In the aftermath of the bombing, the Moroccan government reacted swiftly and severely, arresting dozens of suspects believed to be connected with the attack. Many were held secretly and subjected to torture, raising condemnation from a variety of human rights organizations. Investigators soon learned, however, that every member of the human bomb brigade came from Sidi Moumen.
King Mohammad VI seized upon the occasion to marginalize his political rivals, taking special aim at the conservative Islamist party, PJD. However, he also undertook a number of public projects to improve conditions in the drug and crime-infested ghettos surrounding Casablanca. Many make-shift homes were razed and people were moved into new housing with running water and electricity. More money was allocated to improve the schools and build additional recreation facilities for the area’s youth. The government also put in 31 kilometers of new tramway with 9 stops in Sidi Moumen, making it easier for residents to travel to and from a stable job. The problems of illiteracy and deprivation are far from solved but nearly 20 years later, life in Sidi Moumen is markedly improved.
The Horses of God
Countless numbers of people from all over the world have wondered about the conditions that can lead a young man to turn himself into a “kamikaze guinea pig” as one French newspaper put it. In 2012, the French-Moroccan filmmaker, Nabil Ayouch, released a film called The Horses of God, that attempts to demonstrate how such radicalization takes place. The film is based on a book by the Moroccan author, Mahi Binbine, called Les Étoiles de Sidi Moumen (English translation titled The Horses of God). I have not read the book but I recently re-watched the film and it’s a brilliant piece of historical fiction, based on the Casablanca assault. (A French subtitled version used to be on YouTube but I couldn’t relocate it. Amazon, however, has a version with English subtitles.)
The film attempts to recreate the conditions that spawned these futile acts of evil. It’s the story of two young brothers and their friends, growing up in Sidi Moumen. Gradually, the care-free and street-savvy boys become idle and disenfranchised young men struggling to make a life for themselves. After a series of completely plausible events, the brothers and two close friends end up in an extremist cell of Al Qaeda.
Realism at its Finest
In an interview, Ayouch described the difficulties of filming on location. “When you choose realism, using non-professional actors, in an overcrowded slum, you’re vulnerable and you know it from the start… it’s a physically violent location, verbal violence nearly continuously, because a slum is very paralyzing, and you have to face this violence… Sometimes you have to [stop and] explain why you are there, and why it’s important for people to talk about such conditions.”

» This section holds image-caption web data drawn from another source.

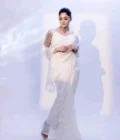 White muslin sharee-Minimal floral embellishment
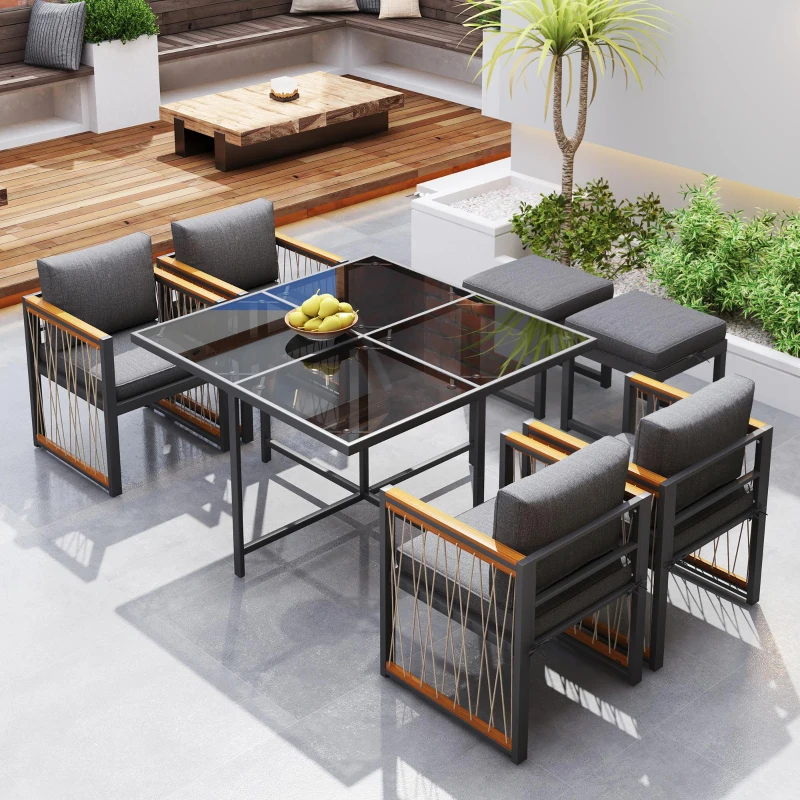 Ensemble de salle à manger extérieur 7 pièces avec plateau en verre trempé, accoudoirs, coussins, pour 6 personnes, Noir+Naturel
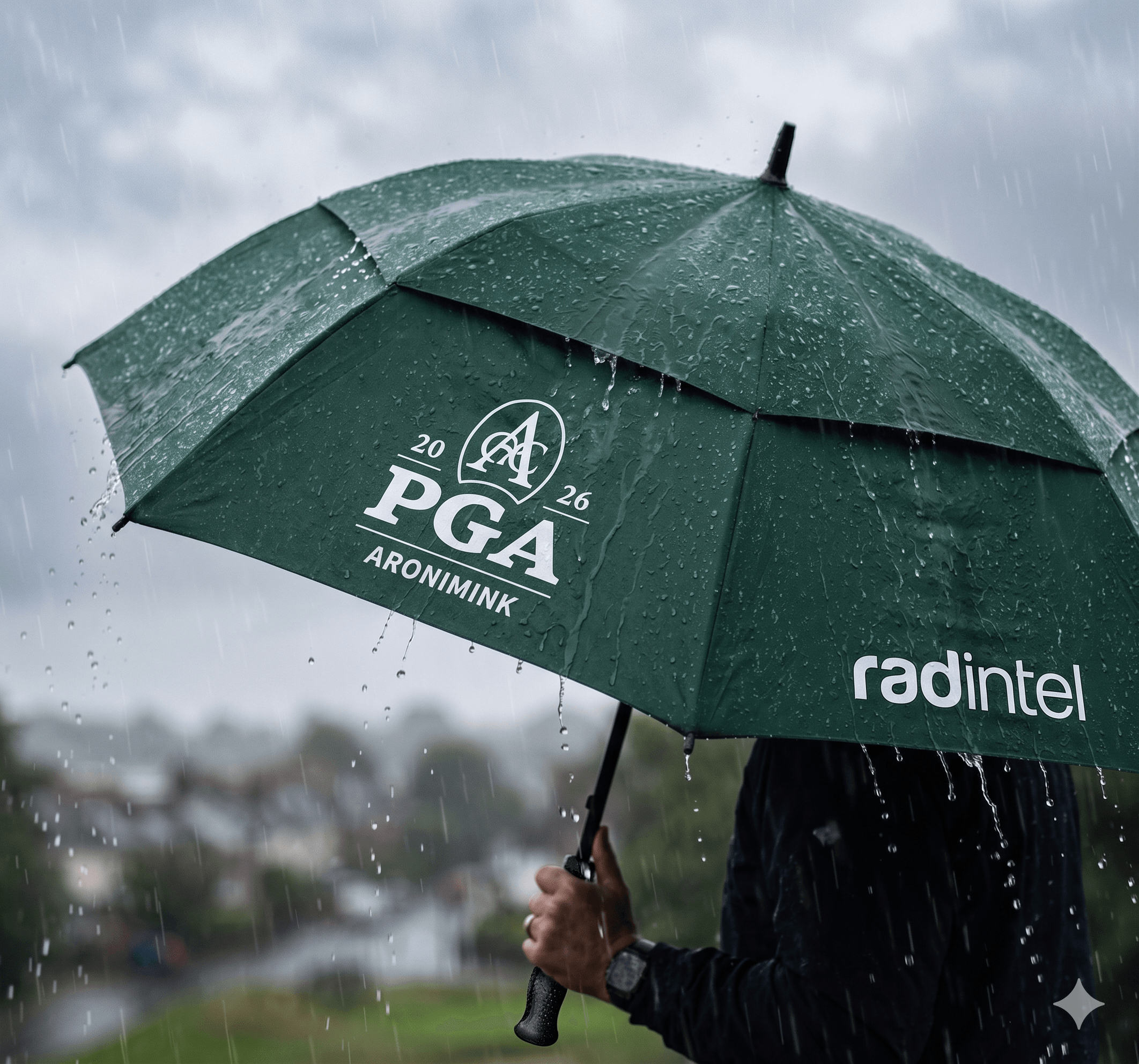 AI mockup image of RAD Intel umbrellas for PGA Championship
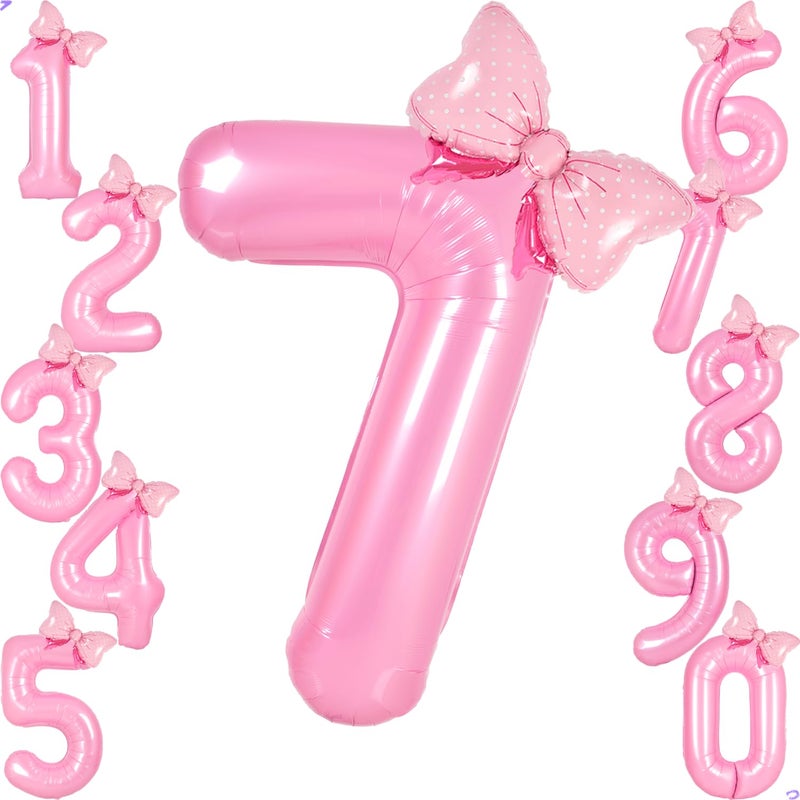 Florisland Pink 7 Balloon Number Pink Birthday Decorations for Girls, Bow Balloons Foil Mylar Large 40â€ 7 Birthday Balloon for Girls Bow Butterfly Coquette 7th Birthday Party Decorations(Number 7 balloons) - Image 1
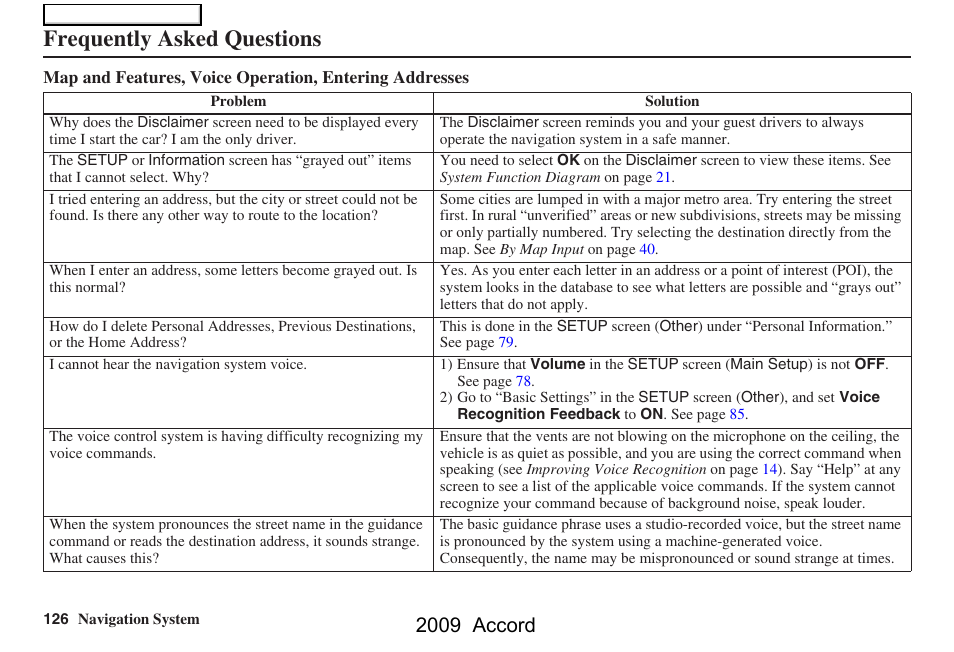 Frequently asked questions, 2009 accord | HONDA 2009 Accord Navigation User Manual | Page 126 / 154
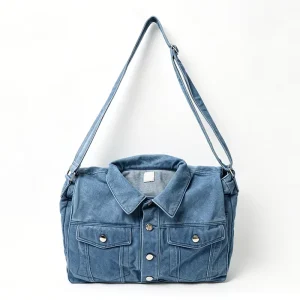 Vintage Denim Jacket Shaped Crossbody Bag Creative Jean Messenger Bag Retro Motorcycle Style Handbag for Fashion Brands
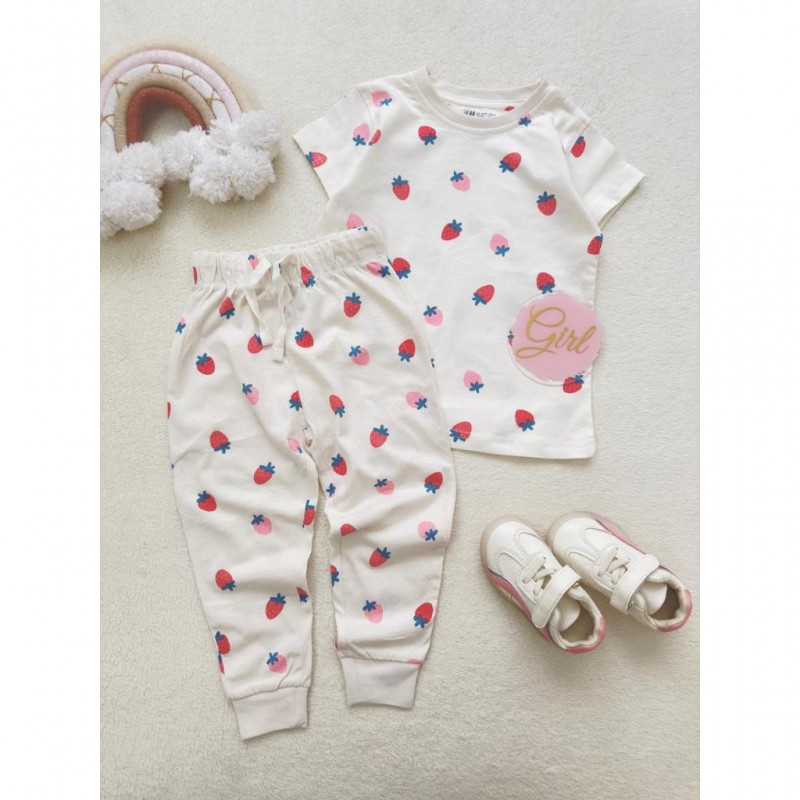 ست تیشرت و شلوار توت فرنگی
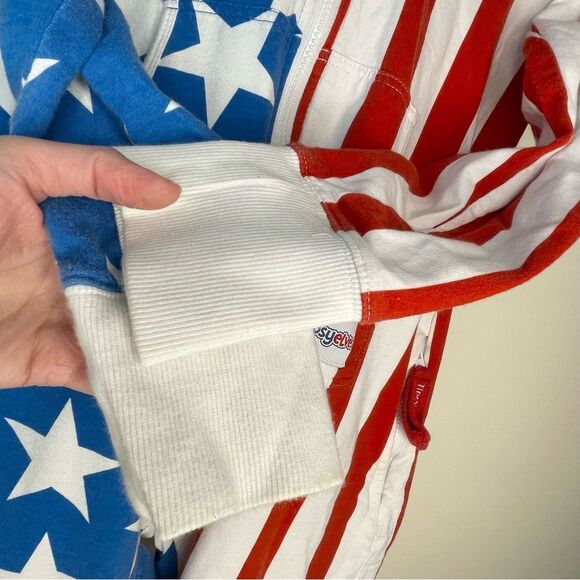 Tipsy Elves American Flag Jumpsuit Patriotic Stars and Stripes Print Size Small - Picture 5 of 9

In some ways, The Horses of God is a hard movie to watch. There are almost no scenes of beauty in this film. Many of the roles are depraved and the setting is one of decrepitude layered with perspiration and dust. Yet, I found myself sympathizing with the main characters and hoping for their defection until the bitter end. The cast members, all non-professionals, give Oscar-worthy performances. Ayouch’s use of drones to film action unfolding in a maze of narrow passages, carved from a sea of hovelled rooftops, incidentally reveals the striking levels of poverty and chaos that reign in Morocco’s worst ghettos.

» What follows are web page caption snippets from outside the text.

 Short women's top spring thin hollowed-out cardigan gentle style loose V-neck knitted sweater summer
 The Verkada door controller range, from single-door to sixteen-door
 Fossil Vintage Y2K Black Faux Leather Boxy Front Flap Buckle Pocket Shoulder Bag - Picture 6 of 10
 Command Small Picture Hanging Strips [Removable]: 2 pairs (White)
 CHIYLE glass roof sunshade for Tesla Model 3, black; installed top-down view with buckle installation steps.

Critics may claim that such films humanize villains unworthy of our empathy—that they justify terrorism even. I disagree. Understanding the conversion of an innocent child into a cold-blooded assassin, willing to sacrifice his own life, is not the equivalent of a defense. And without understanding, we have no chance of defeating violent forms of extremism. I have to admit that I’m fascinated by such stories but I also feel a moral imperative to know at least a bit about the suffering that goes on outside of my home, my city, and my country.
Light From the Shadows
All of the terrorists that conducted the Casablanca attack were between the ages of 20 and 23. When you see the vastness of Sidi Moumen and learn that many of its inhabitants rarely if ever leave their blighted neighborhoods, it’s hard to imagine how anyone might manage to break the multi-generational cycle of poverty and go on to lead a productive life. But some do. One such paragon is a young Moroccan photographer, named Joseph Ouechen. Ouechen was born in Sidi Moumen in 1982 and was still living there in 2003—the same age as the terrorists.
Ouechen relates in a TedX talk, how he managed to bootstrap himself out of misery. He credits his mother who, when possible, would give him 20 dirhams (approx. $2) to escape from Sidi Moumen. 10 dirhams bought him a round trip ticket into Casablanca where he would spend hour after hour hanging out in news kiosks, flipping through as many magazines as he could, and studying the pictures. He used the remaining 10 dirhams to pay his entrance fee to an Internet Café. “For me, going to an Internet Café was like traveling virtually, seeing the other side of the world and what went on there.”
A Self-Driven, Web-Based Education
A product of abysmal public schools, Ouechen had no chance at higher education. As he puts it, he could not even conceive of the things he went on to achieve. Sitting in those cafés, however, he was dissatisfied with search results depicting the Morrocan people, who were often shown wearing a kaftan or leading a mule down a dusty, rutted track. In 2010, he created a fashion photography blog, posting the works of artists in other countries. He remained frustrated, however, that fashionable people in Morocco seemed to have zero presence online. In 2013, he purchased a new camera and began posting his own pictures of people in the street.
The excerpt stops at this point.